Bisnis.com, JAKARTA - Jaksa penuntut umum mendakwa Joko Soegiarto Tjandra alias Djoko Tjandra memberikan suap sejumlah US$500 ribu kepada Jaksa Pinangki Sirna Malasari.
Pinangki adalah mantan Kepala Sub Bagian Pemantauan dan Evaluasi II pada Biro Perencanaan Jaksa Agung Muda Pembinaan Kejaksaan Agung RI.
Uang suap itu diberikan agar Pinangki mengurus Fatwa Mahkamah Agung (MA) melalui Kejaksaan Agung agar pidana penjara yang dijatuhkan kepada Djoko Tjandra berdasarkan Putusan PK Nomor 12 Tanggal 11 Juni 2009 tidak bisa dieksekusi sehingga terdakwa Joko Soegiarto Tjandra bisa kembali ke Indonesia tanpa harus menjalani pidana.
"Uang sebesar USD500.000 (lima ratus ribu Dollar Amerika Serikat) dari sebesar USD1.000.000 (satu juta Dollar Amerika Serikat) yang dijanjikan oleh Terdakwa JOKO SOEGIARTO TJANDRA sebagai pemberian kepada Pinangki Sirna Malasari selaku Pegawai Negeri atau selaku Penyelenggara Negara dalam kedudukannya sebagai Jaksa dengan jabatan Kepala Sub Bagian Pemantauan dan Evaluasi II pada Biro Perencanaan Jaksa Agung Muda Pembinaan Kejaksaan Agung RI dengan maksud supaya pegawai negeri atau penyelenggara negara tersebut,berbuat atau tidak berbuat sesuatu dalam jabatannya," kata Jaksa saat membacakan surat dakwaan Djoko Tjandra, Senin (2/11/2020).
Dalam pengurusan fatwa itu, Pinangki disebut bertemu dengan seorang bernama Rahmat dan Anita Kolopaking.

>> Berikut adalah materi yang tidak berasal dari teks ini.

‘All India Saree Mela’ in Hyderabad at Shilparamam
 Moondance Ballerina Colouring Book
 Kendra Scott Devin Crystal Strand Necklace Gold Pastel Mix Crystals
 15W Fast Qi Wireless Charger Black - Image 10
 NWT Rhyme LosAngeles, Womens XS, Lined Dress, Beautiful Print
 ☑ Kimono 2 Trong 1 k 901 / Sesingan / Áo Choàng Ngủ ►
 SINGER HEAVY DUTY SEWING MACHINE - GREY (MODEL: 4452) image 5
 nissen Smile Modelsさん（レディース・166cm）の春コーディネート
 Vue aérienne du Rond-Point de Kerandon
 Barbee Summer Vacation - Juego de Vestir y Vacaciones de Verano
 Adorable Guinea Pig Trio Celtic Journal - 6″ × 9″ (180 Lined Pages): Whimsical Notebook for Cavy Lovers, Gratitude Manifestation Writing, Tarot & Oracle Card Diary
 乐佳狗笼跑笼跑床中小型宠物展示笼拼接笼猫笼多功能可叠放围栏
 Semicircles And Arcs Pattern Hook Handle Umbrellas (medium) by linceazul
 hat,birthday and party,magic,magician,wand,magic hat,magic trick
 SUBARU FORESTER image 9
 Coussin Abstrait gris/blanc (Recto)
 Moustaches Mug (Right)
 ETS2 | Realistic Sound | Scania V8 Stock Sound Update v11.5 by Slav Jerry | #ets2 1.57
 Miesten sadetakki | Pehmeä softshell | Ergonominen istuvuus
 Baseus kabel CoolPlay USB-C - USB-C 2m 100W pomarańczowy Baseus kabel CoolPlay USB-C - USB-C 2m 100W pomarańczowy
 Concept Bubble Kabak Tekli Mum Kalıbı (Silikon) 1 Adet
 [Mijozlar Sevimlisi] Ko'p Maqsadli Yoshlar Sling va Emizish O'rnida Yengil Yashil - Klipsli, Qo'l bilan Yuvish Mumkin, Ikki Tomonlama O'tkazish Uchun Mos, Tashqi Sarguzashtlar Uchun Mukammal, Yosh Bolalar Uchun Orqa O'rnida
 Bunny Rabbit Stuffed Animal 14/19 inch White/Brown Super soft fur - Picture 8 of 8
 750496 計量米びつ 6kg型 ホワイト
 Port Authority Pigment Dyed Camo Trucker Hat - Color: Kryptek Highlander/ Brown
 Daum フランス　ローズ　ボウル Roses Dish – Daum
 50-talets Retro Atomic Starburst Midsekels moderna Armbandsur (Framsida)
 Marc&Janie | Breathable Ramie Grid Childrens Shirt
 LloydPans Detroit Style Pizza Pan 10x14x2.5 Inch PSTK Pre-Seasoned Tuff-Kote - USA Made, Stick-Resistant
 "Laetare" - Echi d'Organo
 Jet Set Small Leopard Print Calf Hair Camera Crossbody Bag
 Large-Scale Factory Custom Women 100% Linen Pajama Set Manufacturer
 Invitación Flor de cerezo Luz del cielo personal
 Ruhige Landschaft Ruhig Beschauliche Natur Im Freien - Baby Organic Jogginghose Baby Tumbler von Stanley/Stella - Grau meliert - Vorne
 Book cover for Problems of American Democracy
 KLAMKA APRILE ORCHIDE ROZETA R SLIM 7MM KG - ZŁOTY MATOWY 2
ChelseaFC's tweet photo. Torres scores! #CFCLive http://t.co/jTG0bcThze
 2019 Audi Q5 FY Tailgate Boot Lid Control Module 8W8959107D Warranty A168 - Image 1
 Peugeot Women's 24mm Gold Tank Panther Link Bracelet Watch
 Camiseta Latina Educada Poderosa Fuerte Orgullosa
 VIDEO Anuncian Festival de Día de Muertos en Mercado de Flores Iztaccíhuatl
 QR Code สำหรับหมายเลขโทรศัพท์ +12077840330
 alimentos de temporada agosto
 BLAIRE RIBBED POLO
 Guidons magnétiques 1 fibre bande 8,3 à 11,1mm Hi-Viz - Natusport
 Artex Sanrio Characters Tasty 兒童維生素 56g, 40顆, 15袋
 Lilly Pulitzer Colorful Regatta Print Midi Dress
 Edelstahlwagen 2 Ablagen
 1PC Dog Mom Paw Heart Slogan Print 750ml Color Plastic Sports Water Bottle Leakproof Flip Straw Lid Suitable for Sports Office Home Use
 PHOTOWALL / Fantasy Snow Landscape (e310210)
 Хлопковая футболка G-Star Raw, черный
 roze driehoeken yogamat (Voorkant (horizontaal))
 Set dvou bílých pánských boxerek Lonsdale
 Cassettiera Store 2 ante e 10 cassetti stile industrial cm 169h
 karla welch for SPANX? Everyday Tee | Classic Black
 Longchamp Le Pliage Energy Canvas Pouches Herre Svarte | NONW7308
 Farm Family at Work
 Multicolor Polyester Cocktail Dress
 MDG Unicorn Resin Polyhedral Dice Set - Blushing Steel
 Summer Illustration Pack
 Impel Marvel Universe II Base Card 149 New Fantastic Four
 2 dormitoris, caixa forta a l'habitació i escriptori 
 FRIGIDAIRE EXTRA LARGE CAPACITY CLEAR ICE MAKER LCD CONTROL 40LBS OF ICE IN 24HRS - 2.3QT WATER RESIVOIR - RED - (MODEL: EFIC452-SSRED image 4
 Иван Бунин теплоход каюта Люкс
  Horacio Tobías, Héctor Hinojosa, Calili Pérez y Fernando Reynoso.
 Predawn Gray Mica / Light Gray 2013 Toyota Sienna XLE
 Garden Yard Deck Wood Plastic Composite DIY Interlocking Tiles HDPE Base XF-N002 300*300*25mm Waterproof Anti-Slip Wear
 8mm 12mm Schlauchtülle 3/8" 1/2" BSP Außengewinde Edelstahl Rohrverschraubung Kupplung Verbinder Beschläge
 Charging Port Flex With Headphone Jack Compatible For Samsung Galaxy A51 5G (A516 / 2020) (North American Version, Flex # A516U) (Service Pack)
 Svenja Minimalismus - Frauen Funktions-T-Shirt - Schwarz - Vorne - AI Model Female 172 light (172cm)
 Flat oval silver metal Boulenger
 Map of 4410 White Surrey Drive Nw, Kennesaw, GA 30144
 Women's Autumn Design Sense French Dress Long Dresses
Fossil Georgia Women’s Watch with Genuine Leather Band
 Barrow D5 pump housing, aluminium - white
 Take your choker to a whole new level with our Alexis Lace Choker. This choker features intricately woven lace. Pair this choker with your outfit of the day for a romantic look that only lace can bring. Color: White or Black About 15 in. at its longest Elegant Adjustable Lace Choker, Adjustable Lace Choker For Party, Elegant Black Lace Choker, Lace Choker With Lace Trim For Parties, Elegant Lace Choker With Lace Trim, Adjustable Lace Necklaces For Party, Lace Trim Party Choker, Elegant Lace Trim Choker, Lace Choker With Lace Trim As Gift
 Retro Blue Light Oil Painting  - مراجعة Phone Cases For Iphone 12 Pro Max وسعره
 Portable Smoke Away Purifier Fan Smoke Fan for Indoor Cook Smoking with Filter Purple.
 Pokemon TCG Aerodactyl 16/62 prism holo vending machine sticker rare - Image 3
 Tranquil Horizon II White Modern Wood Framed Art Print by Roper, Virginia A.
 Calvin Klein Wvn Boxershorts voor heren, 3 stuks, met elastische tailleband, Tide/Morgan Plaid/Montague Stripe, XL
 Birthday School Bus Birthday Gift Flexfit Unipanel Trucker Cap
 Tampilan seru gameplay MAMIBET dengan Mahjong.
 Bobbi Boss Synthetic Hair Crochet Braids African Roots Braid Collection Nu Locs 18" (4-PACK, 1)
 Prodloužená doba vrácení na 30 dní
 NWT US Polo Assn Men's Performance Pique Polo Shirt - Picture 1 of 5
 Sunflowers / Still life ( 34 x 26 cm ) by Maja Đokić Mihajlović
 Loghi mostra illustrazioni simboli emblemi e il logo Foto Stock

Pertemuan itu berlangsung pada September 2019. Dalam pertemuan itu, Rahmat menghubungi Djoko Tjandra lewat handphone. Dalam perbincangan itu disebut bahwa Pinangki ingin diperkenalkan dengan Djoko Tjandra.
Disebutkan juga oleh jaksa bahwa Anita akan menanyakan ke temannya yang seorang hakim di MA mengenai kemungkinan terbitnya fatwa untuk Djoko Tjandra yang direncanakan Pinangki itu.
Baca Juga
Seluruh rencana Pinangki itu disebut jaksa tertuang dalam 'proposal' yang bernama 'action plan'. Untuk melancarkan rencana tersebut, Djoko Tjandra meminta kepada Pinangki mempersiapkan dan membuat action plan terlebih dahulu dan membuat surat ke Kejaksaan Agung menanyakan status hukum Joko Soegiarto Tjandra, lalu terdakwa menyampaikan akan menindaklanjuti surat tersebut.
Pembahasan tersebut disebut terjadi di Kuala Lumpur, Malaysia, tepatnya di gedung The Exchange 106. Jaksa menyebut Pinangki awalnya menawarkan action plan 'senilai' US$100 juta, namun Djoko Tjandra hanya menjanjikan US$10 juta.
Djoko Tjandra pun memberikan US$500 ribu ke Pinangki melalui Herriyadi Angga Kusuma yang merupakan adik iparnya. Uang itu diteruskan ke Andi Irfan Jaya yang disebut sebagai seorang swasta dari pihak Pinangki. Setelahnya Pinangki memberikan US$50 ribu dari US$500 ribu ke Anita.
Atas perbuatannya, Djoko Tjandra didakwa melanggar Pasal 5 ayat (1) huruf a atau b atau Pasal 13 Undang-Undang Nomor 31 Tahun 1999 sebagaimana telah diubah dengan Undang-Undang Nomor 20 Tahun 2001 tentang Pemberantasan Tindak Pidana Korupsi (UU Tipikor) juncto Pasal 55 ayat (1) ke-1 KUHP Jo. Pasal 65 ayat (1) dan (2) KUHP.